Nun habe ich 2 PCs, die immer mal wieder an diesem Drucker hängen. Nur leider habe ich das Problem, dass beide eben gleich heißen. Zudem habe ich die an beiden PCs unterschiedlich installiert. Sprich am PC ist am Standort1 der Drucker eben "Samsung blabla Kopie1" hingegen am Standort2 ist der namenszusatz Kopie nicht. Am anderen PC ist es genau umgekehrt. standort1 ist ohne kopie, standort 2 mit kopie.... ich weiß, klingt verwirrend 

Jedenfall kann ich mir nie merken, welcher Drucker und welcher PC und überhaupt irgendwie doof. Ich schick nen Auftrag ab, und ewig kommt kein Blatt raus.. genau, falscher Drucker

Ist es möglich, dass ich die Drucker Umbennenen kann? Sprich dass ich den einen >eltern< und den anderen >meinen< nennen kann? Das würde das ganze Verwirrspiel extremst vereinfachen. OS ist Win7 und Win Vista.
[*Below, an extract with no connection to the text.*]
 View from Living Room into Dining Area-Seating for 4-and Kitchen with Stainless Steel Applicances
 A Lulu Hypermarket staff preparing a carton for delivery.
Ich habe in beiden keine entsprechende Einstellung gefunden.

Danke


----------



## Hideout (2. September 2011)

Also bei mir gerade geschaut, das geht so:
Start -> Geräte und Drucker -> Rechtsklick auf den Drucker -> Druckereigenschaften -> dann kannst du dort den Namen ändern


----------



## mÖre (2. September 2011)

Dreck.. du hast Recht. Hab alle Menüüunkte ausprobiert, und grade den hab ich übersehen 

juhu, jetzt hab ich die Drucker "Stendal" und "Magdeburg" 

Danke


----------